» **Task**: Read through the material below and copy each line in which the word "Autumn" occurs.

» **Information supplied**:
--------------------------------

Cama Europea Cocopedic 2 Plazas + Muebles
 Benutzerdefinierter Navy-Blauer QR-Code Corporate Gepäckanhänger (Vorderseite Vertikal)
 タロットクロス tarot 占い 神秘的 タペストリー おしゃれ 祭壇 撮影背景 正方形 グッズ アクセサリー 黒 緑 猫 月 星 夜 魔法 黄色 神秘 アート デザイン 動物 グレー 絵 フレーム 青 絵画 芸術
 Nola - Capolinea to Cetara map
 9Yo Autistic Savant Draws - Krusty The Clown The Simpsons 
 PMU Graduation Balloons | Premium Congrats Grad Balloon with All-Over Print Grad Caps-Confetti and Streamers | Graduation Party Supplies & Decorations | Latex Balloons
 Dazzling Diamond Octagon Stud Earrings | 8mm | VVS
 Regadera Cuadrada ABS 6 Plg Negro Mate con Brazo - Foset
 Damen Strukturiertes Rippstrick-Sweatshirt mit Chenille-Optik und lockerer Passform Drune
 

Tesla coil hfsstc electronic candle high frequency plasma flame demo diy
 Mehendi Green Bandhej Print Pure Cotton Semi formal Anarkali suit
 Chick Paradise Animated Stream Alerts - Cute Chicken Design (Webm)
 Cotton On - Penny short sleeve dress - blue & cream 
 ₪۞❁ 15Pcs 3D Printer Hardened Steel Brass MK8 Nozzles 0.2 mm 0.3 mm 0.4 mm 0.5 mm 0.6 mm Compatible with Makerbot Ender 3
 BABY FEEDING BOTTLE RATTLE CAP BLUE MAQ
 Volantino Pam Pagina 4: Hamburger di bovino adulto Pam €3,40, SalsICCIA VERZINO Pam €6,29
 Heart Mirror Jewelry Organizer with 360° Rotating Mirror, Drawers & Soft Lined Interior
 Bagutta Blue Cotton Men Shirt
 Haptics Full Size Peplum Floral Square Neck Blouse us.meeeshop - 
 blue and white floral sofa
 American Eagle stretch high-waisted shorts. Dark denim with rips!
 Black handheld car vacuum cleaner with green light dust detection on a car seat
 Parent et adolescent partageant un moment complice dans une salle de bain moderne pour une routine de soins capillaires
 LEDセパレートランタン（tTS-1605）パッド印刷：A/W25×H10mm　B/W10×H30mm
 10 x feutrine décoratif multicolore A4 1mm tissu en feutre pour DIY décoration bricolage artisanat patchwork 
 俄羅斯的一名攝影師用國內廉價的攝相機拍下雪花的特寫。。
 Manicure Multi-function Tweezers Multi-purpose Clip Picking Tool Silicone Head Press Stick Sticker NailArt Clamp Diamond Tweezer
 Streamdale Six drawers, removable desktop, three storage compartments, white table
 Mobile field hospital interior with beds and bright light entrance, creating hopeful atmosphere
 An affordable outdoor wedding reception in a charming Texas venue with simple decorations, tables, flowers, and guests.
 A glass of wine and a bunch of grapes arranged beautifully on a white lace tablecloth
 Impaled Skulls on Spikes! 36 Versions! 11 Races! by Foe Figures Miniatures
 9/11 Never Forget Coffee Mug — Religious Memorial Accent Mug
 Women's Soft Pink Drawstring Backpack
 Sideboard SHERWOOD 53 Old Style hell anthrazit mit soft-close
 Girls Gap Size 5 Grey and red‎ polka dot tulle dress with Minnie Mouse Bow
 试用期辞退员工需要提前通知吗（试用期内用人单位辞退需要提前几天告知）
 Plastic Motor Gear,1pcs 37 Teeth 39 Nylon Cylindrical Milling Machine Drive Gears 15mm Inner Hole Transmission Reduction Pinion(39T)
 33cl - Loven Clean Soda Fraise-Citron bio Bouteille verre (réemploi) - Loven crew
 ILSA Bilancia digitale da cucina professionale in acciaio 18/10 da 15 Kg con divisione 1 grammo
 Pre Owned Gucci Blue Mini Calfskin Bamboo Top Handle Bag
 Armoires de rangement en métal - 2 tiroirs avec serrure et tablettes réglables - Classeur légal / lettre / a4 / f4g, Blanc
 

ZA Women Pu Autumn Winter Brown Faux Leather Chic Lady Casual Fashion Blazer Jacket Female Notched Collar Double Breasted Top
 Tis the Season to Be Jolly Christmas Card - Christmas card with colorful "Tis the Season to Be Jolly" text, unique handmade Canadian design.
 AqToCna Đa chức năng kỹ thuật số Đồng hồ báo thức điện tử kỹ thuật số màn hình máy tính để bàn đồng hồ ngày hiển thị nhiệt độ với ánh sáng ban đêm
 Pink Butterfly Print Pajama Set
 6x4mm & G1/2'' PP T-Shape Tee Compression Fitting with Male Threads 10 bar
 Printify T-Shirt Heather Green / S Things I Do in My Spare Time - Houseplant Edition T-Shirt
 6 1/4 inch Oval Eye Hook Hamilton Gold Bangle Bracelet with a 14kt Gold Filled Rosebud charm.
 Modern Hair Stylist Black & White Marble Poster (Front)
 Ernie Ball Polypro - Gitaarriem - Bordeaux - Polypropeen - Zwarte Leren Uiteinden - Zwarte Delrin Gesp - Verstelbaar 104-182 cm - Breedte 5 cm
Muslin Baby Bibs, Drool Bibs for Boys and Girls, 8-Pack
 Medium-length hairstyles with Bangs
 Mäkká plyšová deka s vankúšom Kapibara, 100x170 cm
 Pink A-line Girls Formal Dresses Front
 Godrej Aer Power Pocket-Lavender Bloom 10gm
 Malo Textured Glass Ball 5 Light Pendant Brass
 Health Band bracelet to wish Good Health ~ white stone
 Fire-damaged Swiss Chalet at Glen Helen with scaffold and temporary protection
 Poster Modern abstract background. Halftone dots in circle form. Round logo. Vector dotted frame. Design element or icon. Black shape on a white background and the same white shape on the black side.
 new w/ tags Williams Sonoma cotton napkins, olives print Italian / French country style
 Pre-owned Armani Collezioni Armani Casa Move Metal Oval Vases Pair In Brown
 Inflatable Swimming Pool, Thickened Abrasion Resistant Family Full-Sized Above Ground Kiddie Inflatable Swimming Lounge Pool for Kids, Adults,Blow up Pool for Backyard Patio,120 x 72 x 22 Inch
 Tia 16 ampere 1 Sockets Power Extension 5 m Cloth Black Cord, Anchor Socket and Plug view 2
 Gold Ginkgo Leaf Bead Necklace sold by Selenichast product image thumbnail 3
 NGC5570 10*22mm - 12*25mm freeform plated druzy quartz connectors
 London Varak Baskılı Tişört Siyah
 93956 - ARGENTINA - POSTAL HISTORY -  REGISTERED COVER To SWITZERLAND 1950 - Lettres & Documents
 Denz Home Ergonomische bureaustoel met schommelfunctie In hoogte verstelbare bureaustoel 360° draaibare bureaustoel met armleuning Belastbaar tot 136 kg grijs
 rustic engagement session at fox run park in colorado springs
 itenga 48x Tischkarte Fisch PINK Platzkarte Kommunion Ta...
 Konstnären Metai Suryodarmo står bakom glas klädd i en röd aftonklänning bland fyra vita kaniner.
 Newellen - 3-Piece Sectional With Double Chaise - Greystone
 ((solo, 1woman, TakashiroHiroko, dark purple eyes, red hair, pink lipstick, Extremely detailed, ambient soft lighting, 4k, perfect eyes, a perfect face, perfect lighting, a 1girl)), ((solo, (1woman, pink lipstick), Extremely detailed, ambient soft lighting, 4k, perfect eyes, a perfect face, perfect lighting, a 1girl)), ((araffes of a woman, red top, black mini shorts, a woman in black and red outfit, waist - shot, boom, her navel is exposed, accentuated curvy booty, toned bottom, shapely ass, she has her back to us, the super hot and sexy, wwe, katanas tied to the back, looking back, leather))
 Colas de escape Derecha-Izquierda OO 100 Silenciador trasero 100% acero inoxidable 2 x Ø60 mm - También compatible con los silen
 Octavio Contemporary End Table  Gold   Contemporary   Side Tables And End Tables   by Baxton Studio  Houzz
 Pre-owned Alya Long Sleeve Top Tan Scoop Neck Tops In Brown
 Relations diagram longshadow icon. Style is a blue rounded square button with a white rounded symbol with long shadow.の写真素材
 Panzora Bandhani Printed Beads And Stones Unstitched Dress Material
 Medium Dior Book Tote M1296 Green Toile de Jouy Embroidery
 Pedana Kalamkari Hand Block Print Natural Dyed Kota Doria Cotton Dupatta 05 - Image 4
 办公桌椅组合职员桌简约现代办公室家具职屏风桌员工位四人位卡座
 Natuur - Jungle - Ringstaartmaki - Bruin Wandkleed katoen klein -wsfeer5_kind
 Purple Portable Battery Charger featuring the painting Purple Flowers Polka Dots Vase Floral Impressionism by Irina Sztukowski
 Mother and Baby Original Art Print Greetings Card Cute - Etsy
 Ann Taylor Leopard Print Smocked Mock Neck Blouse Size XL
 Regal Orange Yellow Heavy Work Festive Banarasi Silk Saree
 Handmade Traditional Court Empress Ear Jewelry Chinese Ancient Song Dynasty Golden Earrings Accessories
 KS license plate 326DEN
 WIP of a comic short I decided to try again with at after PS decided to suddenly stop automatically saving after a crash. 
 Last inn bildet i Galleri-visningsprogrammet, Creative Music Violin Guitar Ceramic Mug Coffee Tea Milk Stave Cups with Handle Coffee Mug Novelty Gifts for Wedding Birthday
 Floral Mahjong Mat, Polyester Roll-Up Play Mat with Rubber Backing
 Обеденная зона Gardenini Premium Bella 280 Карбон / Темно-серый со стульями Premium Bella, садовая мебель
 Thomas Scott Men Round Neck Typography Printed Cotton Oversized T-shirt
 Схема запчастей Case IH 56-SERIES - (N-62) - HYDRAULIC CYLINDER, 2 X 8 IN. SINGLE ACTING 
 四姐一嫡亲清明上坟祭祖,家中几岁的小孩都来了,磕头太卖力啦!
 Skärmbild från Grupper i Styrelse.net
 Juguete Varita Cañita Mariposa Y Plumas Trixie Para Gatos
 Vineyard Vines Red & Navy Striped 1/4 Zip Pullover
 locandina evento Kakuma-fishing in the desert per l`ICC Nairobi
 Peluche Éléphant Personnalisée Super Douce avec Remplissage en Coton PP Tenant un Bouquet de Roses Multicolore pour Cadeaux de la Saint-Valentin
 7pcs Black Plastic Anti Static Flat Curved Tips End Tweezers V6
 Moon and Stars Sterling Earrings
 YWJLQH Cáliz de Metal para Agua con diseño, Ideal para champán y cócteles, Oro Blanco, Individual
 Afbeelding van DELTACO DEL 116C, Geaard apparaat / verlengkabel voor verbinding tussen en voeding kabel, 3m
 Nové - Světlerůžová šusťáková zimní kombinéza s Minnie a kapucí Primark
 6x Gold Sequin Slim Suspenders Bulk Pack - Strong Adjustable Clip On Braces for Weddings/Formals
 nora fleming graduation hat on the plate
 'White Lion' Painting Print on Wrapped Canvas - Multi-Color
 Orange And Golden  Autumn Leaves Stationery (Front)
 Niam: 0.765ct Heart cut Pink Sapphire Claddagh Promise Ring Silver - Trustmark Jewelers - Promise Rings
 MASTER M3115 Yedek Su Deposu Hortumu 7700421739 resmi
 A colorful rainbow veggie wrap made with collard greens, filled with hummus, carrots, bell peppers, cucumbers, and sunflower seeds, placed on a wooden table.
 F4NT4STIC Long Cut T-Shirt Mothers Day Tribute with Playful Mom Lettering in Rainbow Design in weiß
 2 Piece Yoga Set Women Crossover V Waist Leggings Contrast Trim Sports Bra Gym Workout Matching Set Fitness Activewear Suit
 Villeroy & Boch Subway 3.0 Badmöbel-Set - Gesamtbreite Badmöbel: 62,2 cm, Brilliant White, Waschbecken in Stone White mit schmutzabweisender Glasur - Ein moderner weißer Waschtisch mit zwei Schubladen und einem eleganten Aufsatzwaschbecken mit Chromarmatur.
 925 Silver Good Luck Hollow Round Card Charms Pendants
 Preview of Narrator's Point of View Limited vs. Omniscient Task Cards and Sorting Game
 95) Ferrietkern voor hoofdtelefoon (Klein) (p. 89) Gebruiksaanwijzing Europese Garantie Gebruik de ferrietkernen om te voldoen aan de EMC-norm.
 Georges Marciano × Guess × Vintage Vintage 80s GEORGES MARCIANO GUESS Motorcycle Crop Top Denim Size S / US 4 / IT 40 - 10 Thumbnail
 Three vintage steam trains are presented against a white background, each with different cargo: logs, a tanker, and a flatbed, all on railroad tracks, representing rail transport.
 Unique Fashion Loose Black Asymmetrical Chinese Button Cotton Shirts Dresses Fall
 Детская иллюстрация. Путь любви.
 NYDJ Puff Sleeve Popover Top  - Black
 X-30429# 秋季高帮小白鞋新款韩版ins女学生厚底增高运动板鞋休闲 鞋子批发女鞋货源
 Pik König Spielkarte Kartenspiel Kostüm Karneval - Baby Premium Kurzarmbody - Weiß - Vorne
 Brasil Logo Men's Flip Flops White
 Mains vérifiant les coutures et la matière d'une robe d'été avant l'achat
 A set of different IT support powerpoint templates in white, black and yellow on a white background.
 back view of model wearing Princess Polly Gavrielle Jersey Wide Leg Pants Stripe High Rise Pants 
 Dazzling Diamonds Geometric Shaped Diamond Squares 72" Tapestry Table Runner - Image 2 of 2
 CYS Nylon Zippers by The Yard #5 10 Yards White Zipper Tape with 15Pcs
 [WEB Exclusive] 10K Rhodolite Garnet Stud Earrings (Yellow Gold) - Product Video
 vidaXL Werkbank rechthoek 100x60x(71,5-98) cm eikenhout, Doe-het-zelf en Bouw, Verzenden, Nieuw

--------------------------------

» **Written answer**:
ZA Women Pu Autumn Winter Brown Faux Leather Chic Lady Casual Fashion Blazer Jacket Female Notched Collar Double Breasted Top
 Orange And Golden  Autumn Leaves Stationery (Front)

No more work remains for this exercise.